Generate SIMD Code With Reduction Optimization
Open the configuration parameters for the model. On the Modeling tab, click Settings. On the Optimization pane, set the Leverage target hardware instruction set extensions to SSE2
. Alternatively, use the command-line.
set_param(model, 'InstructionSetExtensions', 'SSE2');
Select the parameter Optimize reductions. If you want to optimize reduction operations that operate on floating-point values, set Support: Non-finite numbers to Off
. Reduction optimization does not support operations on floating-point values when non-finite numbers are supported.

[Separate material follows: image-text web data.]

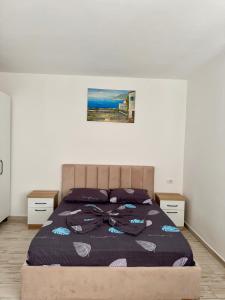 a bedroom with a large bed with purple sheets at Il Sol Apartment in Lezhë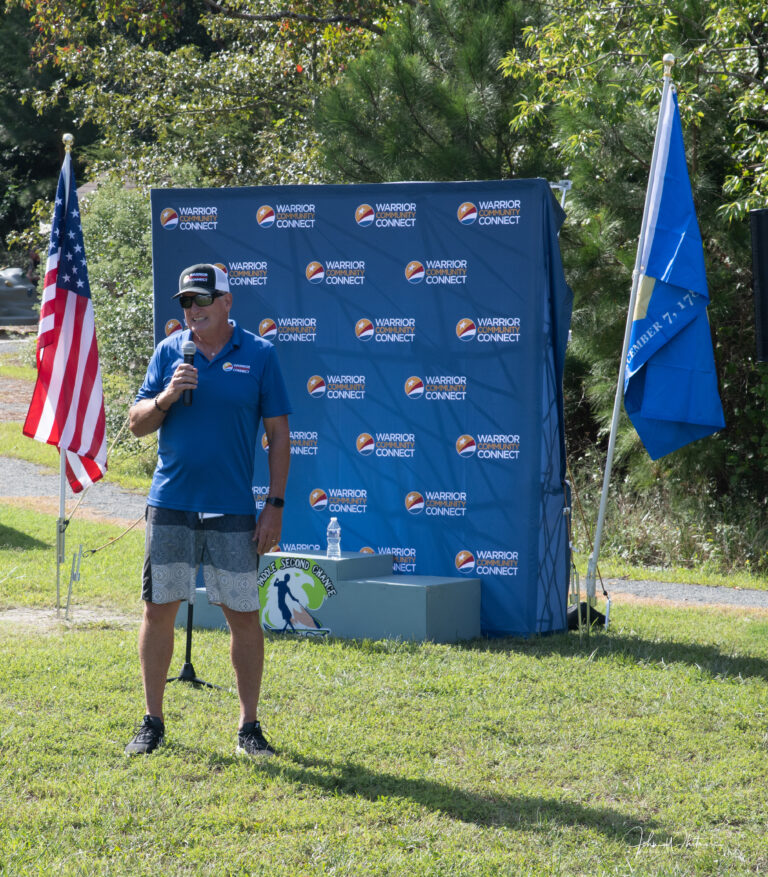 a man standing in the grass with an american flag
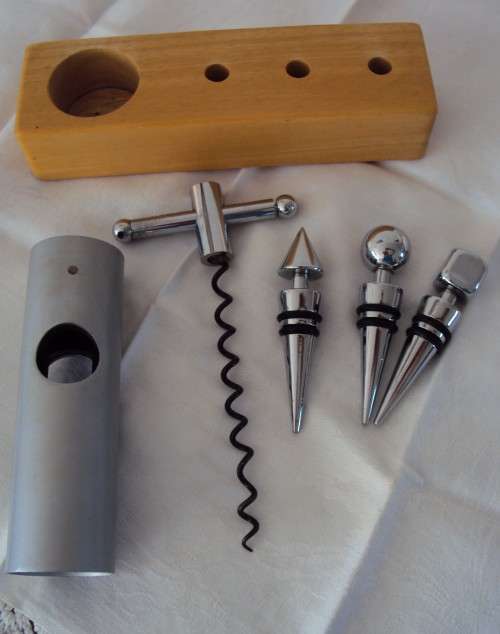 Set of 3 solid bottle stops and cork screw on wooden holder - good quality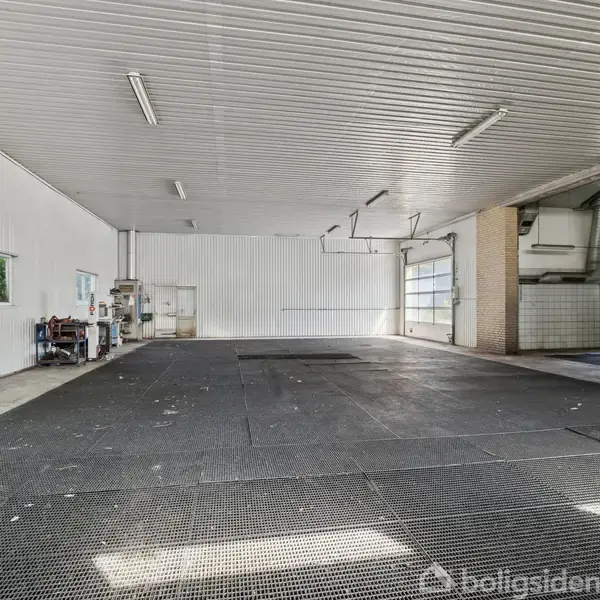 Et rummeligt, tomt værksted med sort gulv, hvide vægge og et loft med lysstofrør. En port til venstre indikerer ind- og udgangsveje. Ingen tekst at transkribere.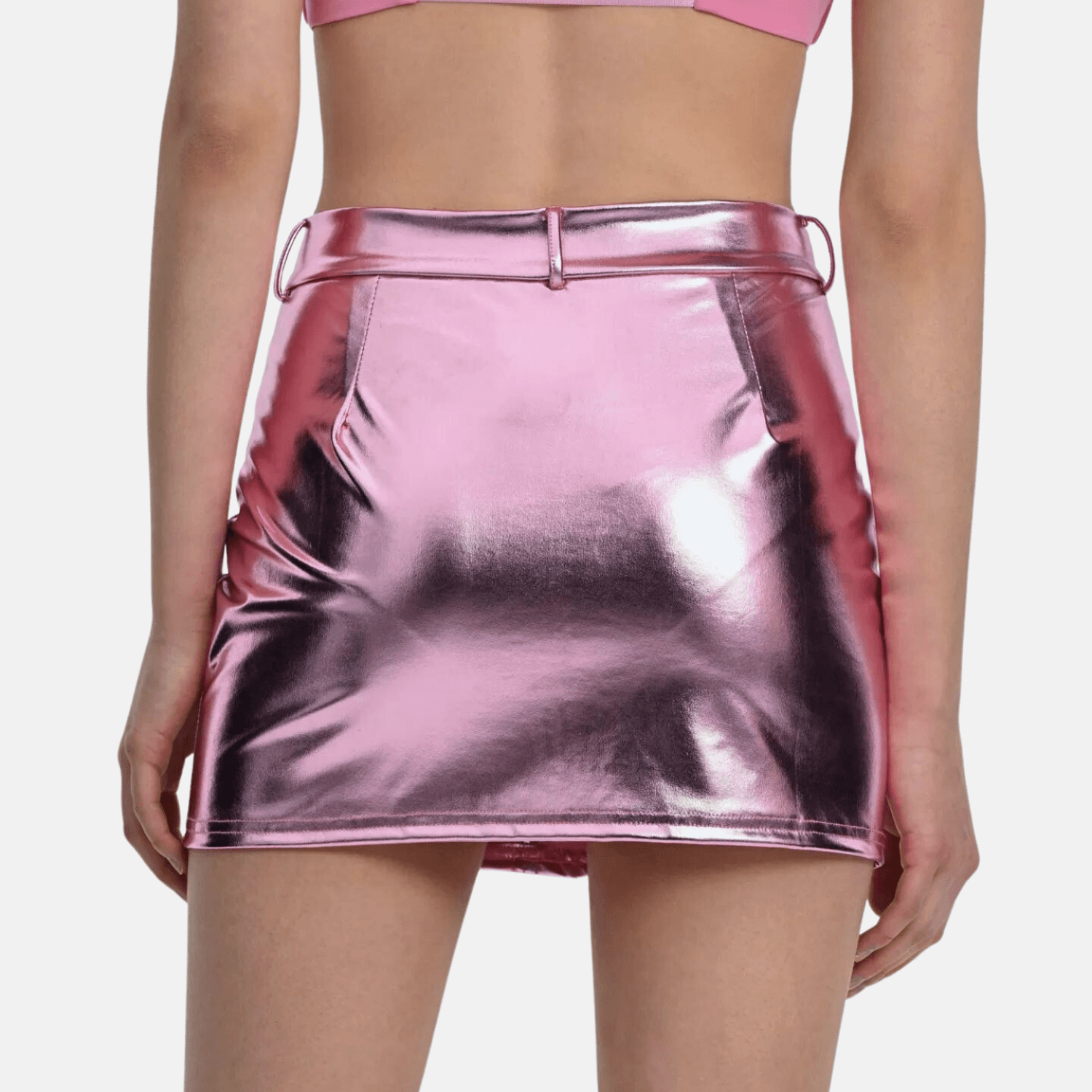 Back view of a pink metallic high-waisted skirt, showcasing the sleek, reflective finish and subtle stitching details.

set_param(model, 'OptimizeReductions', 'on'); set_param(model, 'SupportNonFinite', 'off'); set_param(model, 'MatFileLogging', 'off');
Build the model.
slbuild(model);
### Starting build procedure for: ex_rowmajor_algorithm ### Successful completion of build procedure for: ex_rowmajor_algorithm Build Summary Top model targets built: Model Action Rebuild Reason ====================================================================================== ex_rowmajor_algorithm Code generated and compiled. Generated code was out of date. 1 of 1 models built (0 models already up to date) Build duration: 0h 0m 7.4931s
Inspect the generated ex_rowmajor_algorithm_step
function.
file = fullfile('ex_rowmajor_algorithm_grt_rtw','ex_rowmajor_algorithm.c'); coder.example.extractLines(file,'/* Model step function */','/* Matfile',1,1);
/* Model step function */ void ex_rowmajor_algorithm_step(void) { __m128 tmp; int32_T i; real32_T tmp_0[4]; tmp = _mm_set1_ps(0.0F); /* Sum: '<Root>/Sum of Elements Dim1' incorporates: * Constant: '<Root>/Constant1' */ for (i = 0; i <= 20; i += 4) { tmp = _mm_add_ps(tmp, _mm_loadu_ps (&ex_rowmajor_algorithm_ConstP.Constant1_Value[i])); } /* End of Sum: '<Root>/Sum of Elements Dim1' */ _mm_storeu_ps(&tmp_0[0], tmp); /* Outport: '<Root>/Out2' */ ex_rowmajor_algorithm_Y.Out2 = (tmp_0[0] + tmp_0[1]) + (tmp_0[2] + tmp_0[3]); } /* Model initialize function */ void ex_rowmajor_algorithm_initialize(void) { /* Registration code */ /* initialize error status */ rtmSetErrorStatus(ex_rowmajor_algorithm_M, (NULL)); /* external outputs */ ex_rowmajor_algorithm_Y.Out2 = 0.0F; } /* Model terminate function */ void ex_rowmajor_algorithm_terminate(void) { /* (no terminate code required) */ }
The vectorized loop uses the SSE2 function mm_add_ps
, which adds four elements of the array to the sum in one step. This optimization improves the execution speed of the generated code.
Open the code generation report. On the C Code tab, click Open Report.
On the report summary, in the Additional Information section, the report indicates that reduction operations are optimized using the SSE2 instruction set.